- What is being asked
The result should be the lines from the one holding "813 W Oakdale" to the final line of the records below, repeated exactly and with no pictures.

- Pictures with short captions
....................

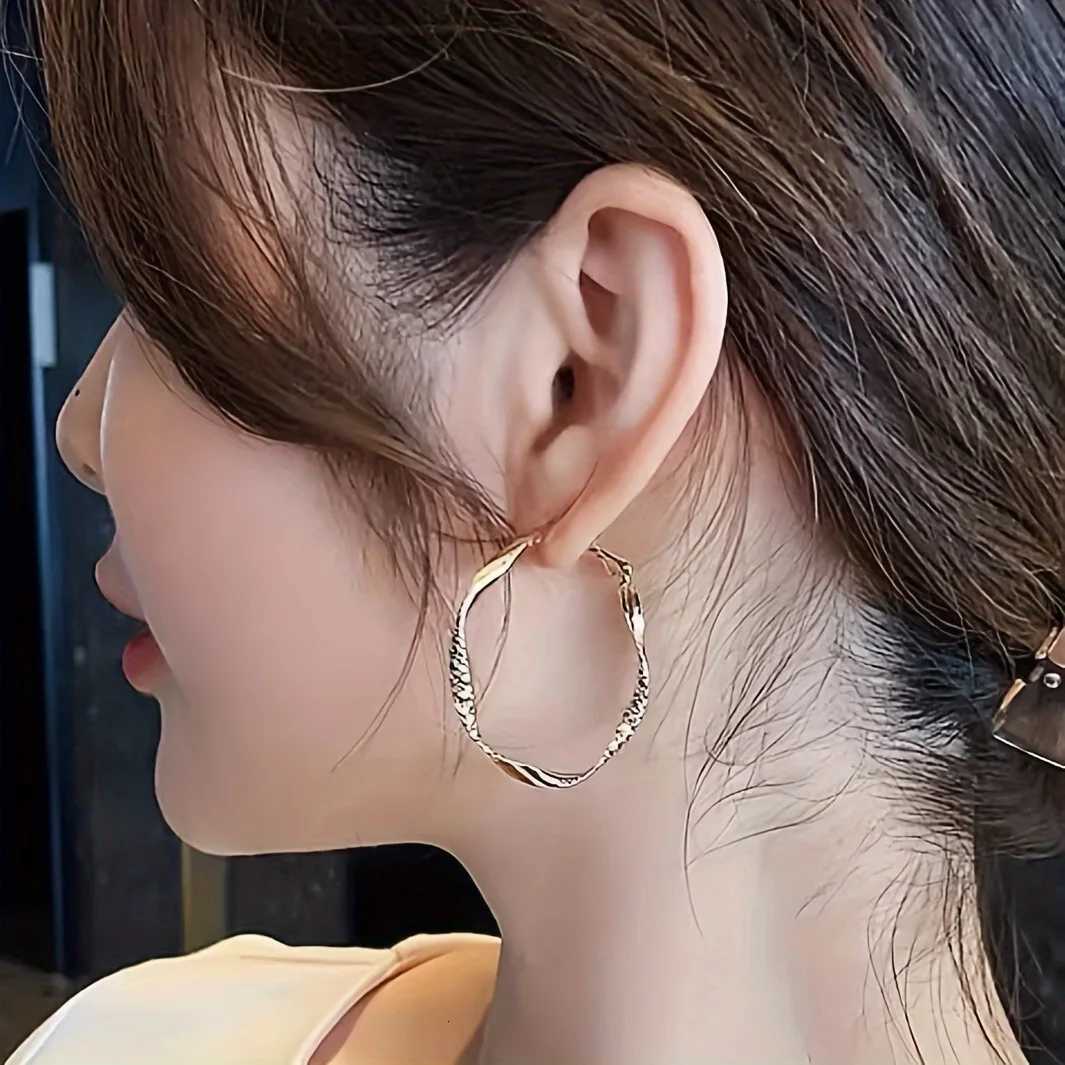 Fashionable and simple round twisted irregular ladies earrings exaggerated girls earrings high-grade plain hoop earringsXJ251210 - view 3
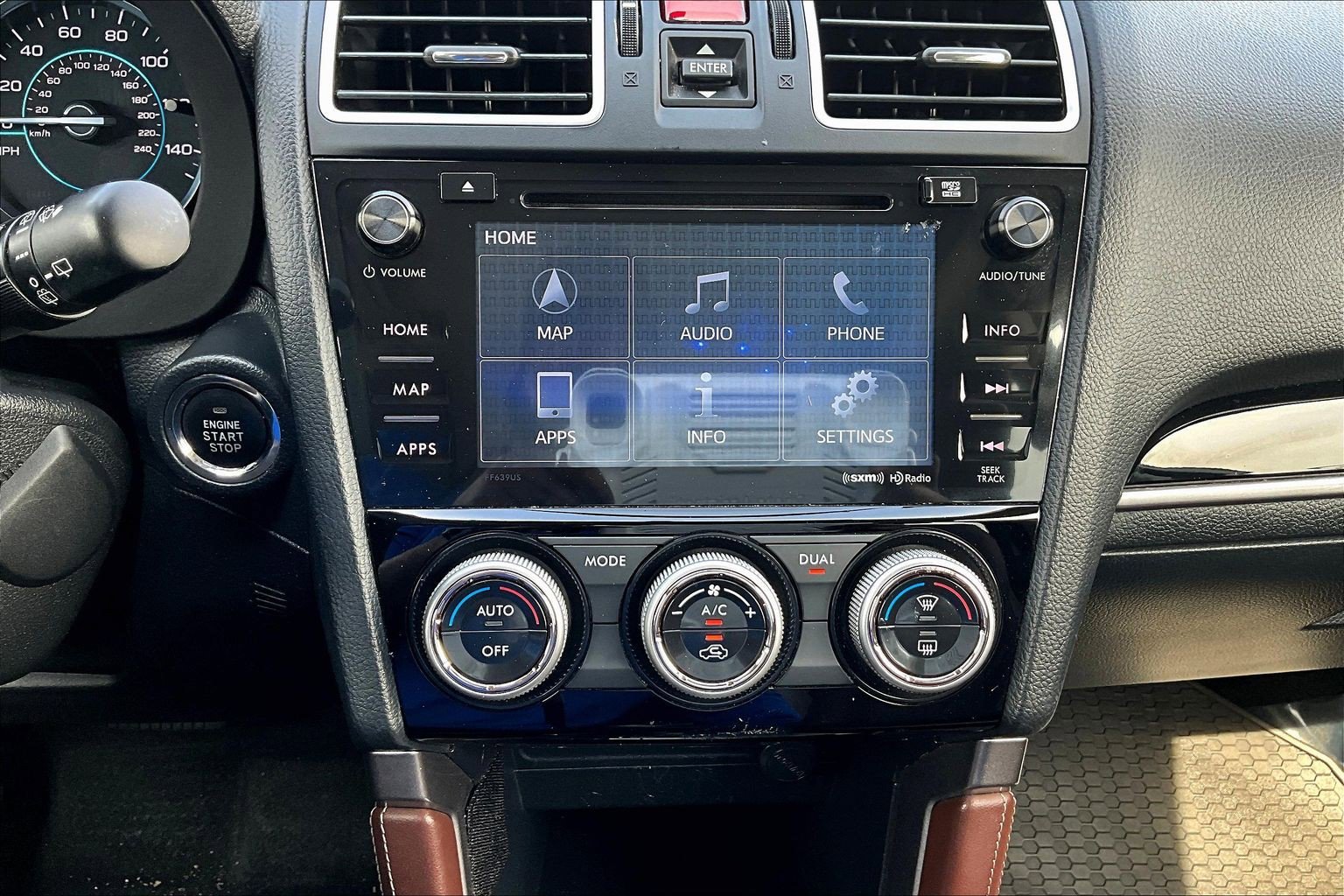 Used 2018 Subaru Forester 2.5i Touring AWD/4WD image 24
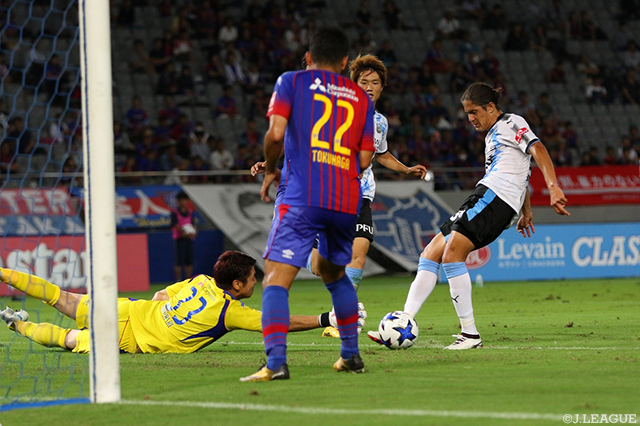 阿部 浩之に負けじとこの日2ゴールを奪う活躍をみせたエウシーニョ（川崎Ｆ）【ルヴァンカップ 準々決勝 第2戦 FC東京vs川崎Ｆ】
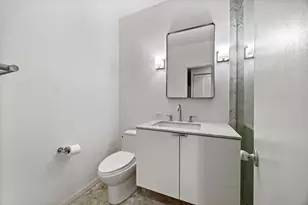 813 W Oakdale Ave, Chicago, IL 60657 - Photo 11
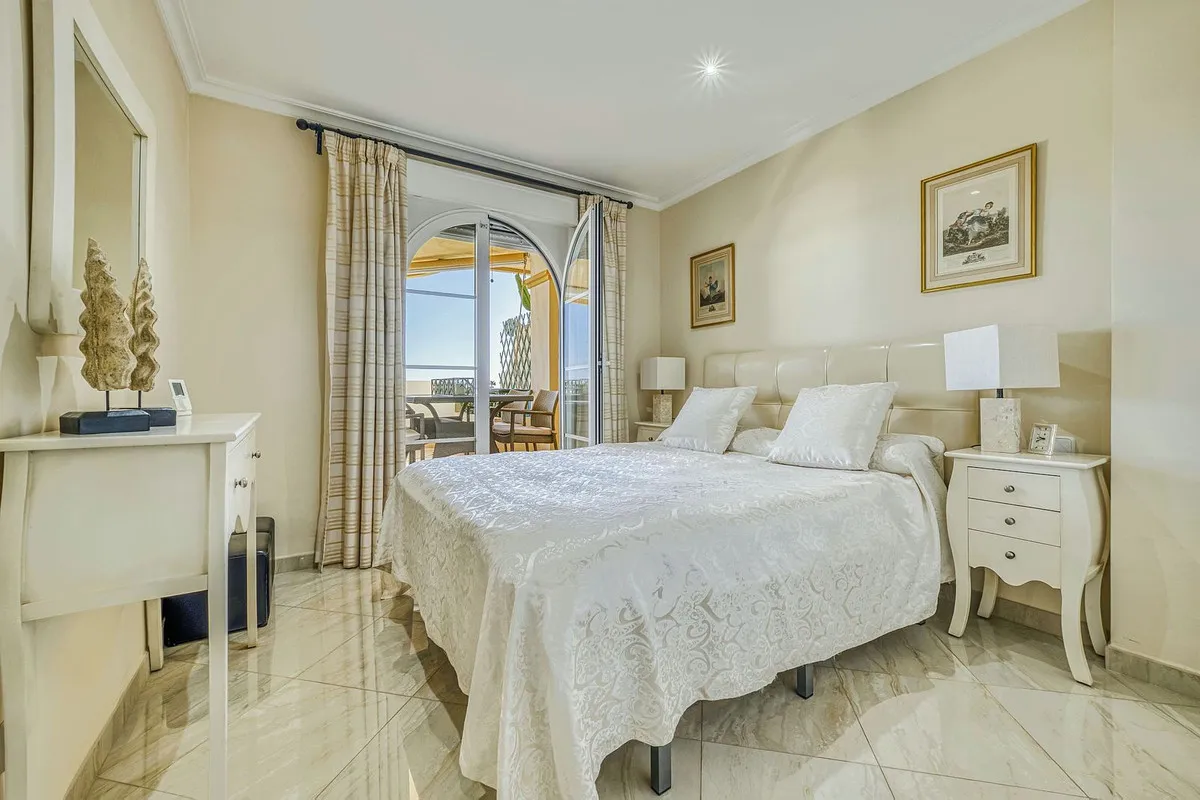 359b9446-590f-4111-837c-894e7ee19466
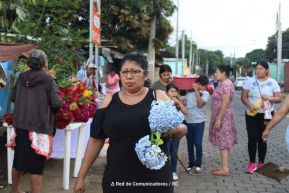 Familias nicaragüenses visitan a sus files difuntos en los distintos cementerios del país
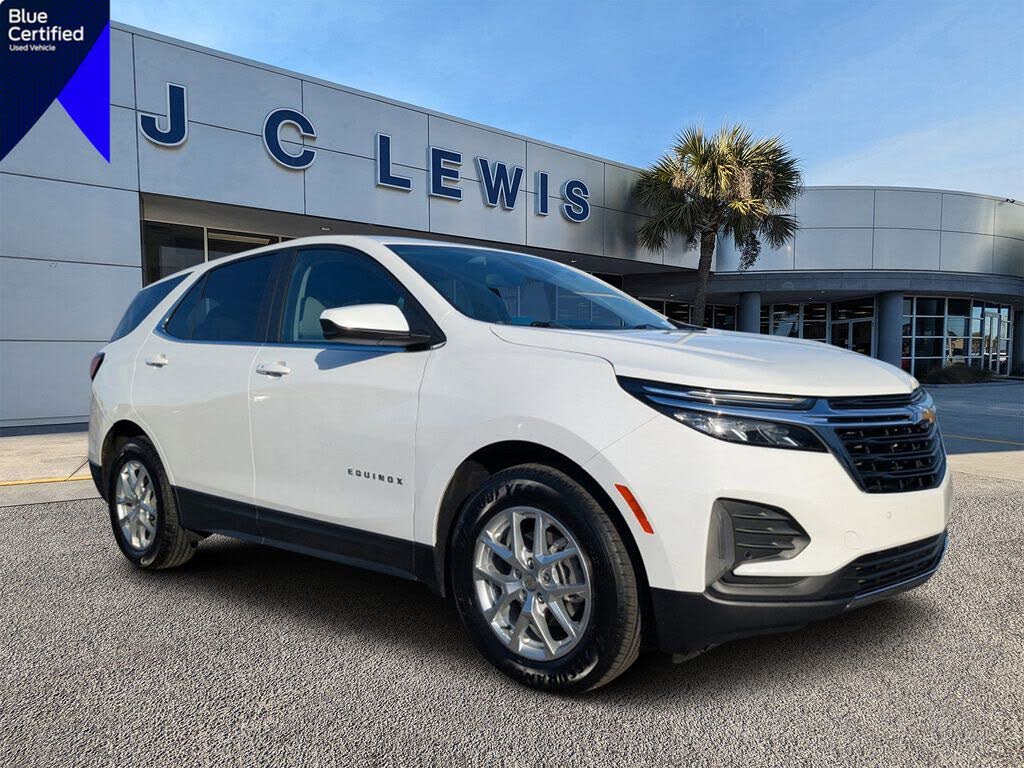 2022 Chevrolet Equinox LT FWD with 1LT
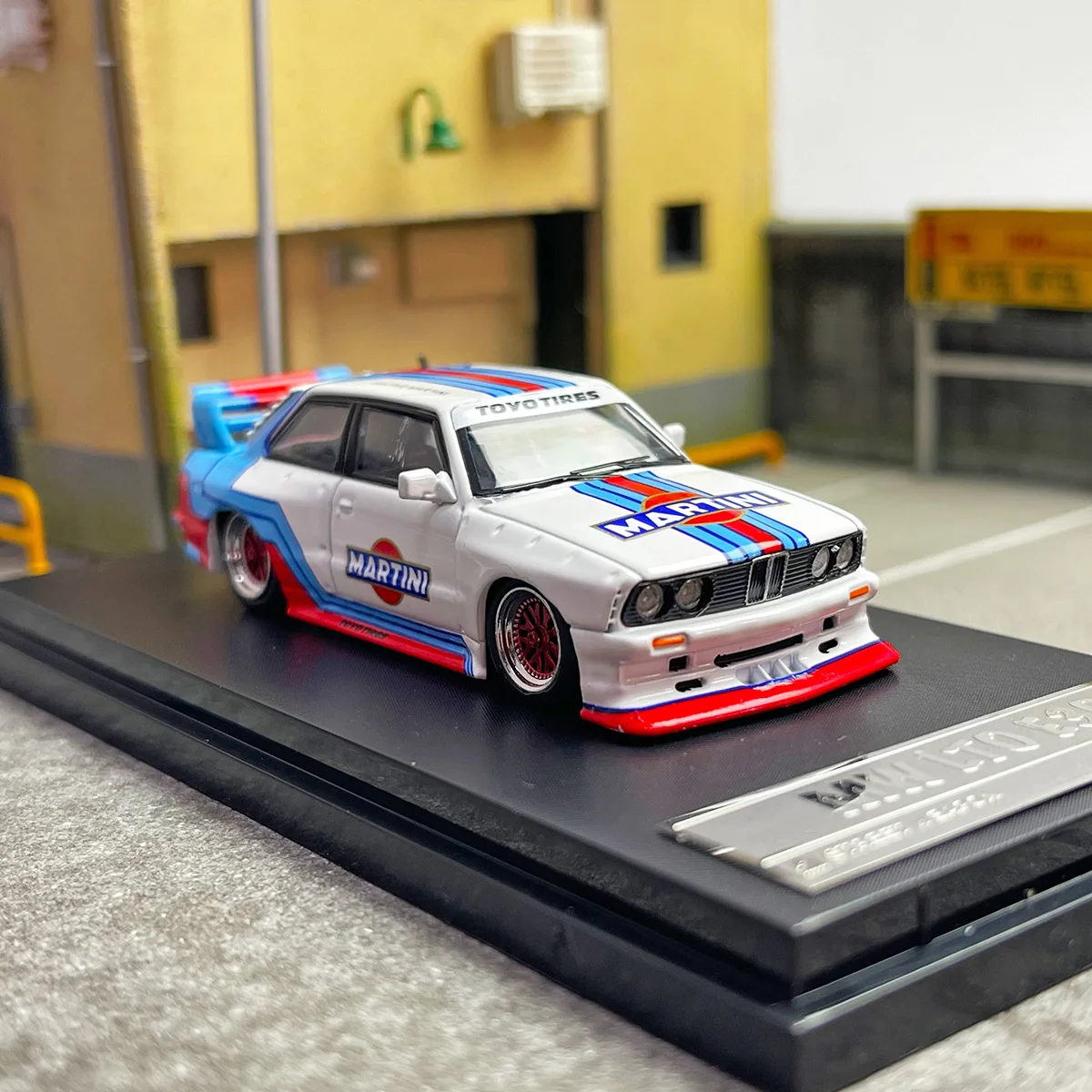 大人のためのダイキャスト合金レーシングスーパーカーモデル,クラシックコレクション,スケール1:64,高級スポーツ,お土産ギフト,静的ディスプレイ,e30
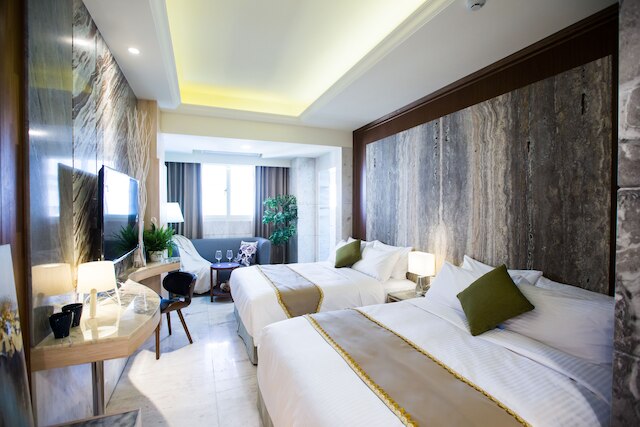 ホテル メイプル 台湾 ブルバード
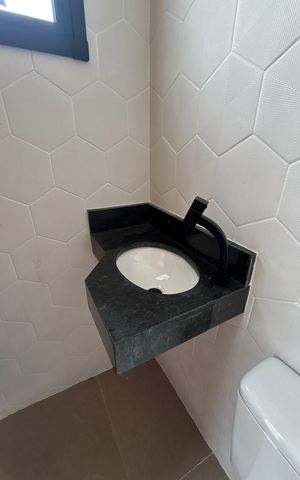 Apartamento à venda com 79m², 2 quartos e 1 vaga Apartamento à venda com 79m², 2 quartos e 1 vagaCobertura - Banheiro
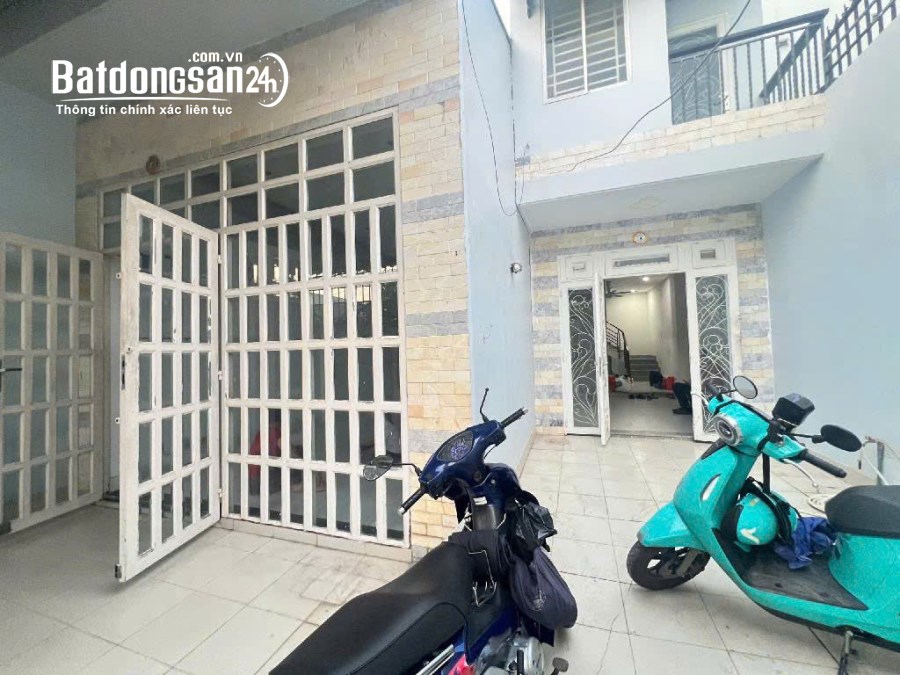 Bán nhà hxh Huỳnh Tấn Phát, Phường Phú Thuận, Quận 7, 8tỷ8 TL.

....................

- Task result
 813 W Oakdale Ave, Chicago, IL 60657 - Photo 11
 359b9446-590f-4111-837c-894e7ee19466
 Familias nicaragüenses visitan a sus files difuntos en los distintos cementerios del país
 2022 Chevrolet Equinox LT FWD with 1LT
 大人のためのダイキャスト合金レーシングスーパーカーモデル,クラシックコレクション,スケール1:64,高級スポーツ,お土産ギフト,静的ディスプレイ,e30
 ホテル メイプル 台湾 ブルバード
 Apartamento à venda com 79m², 2 quartos e 1 vaga Apartamento à venda com 79m², 2 quartos e 1 vagaCobertura - Banheiro
 Bán nhà hxh Huỳnh Tấn Phát, Phường Phú Thuận, Quận 7, 8tỷ8 TL.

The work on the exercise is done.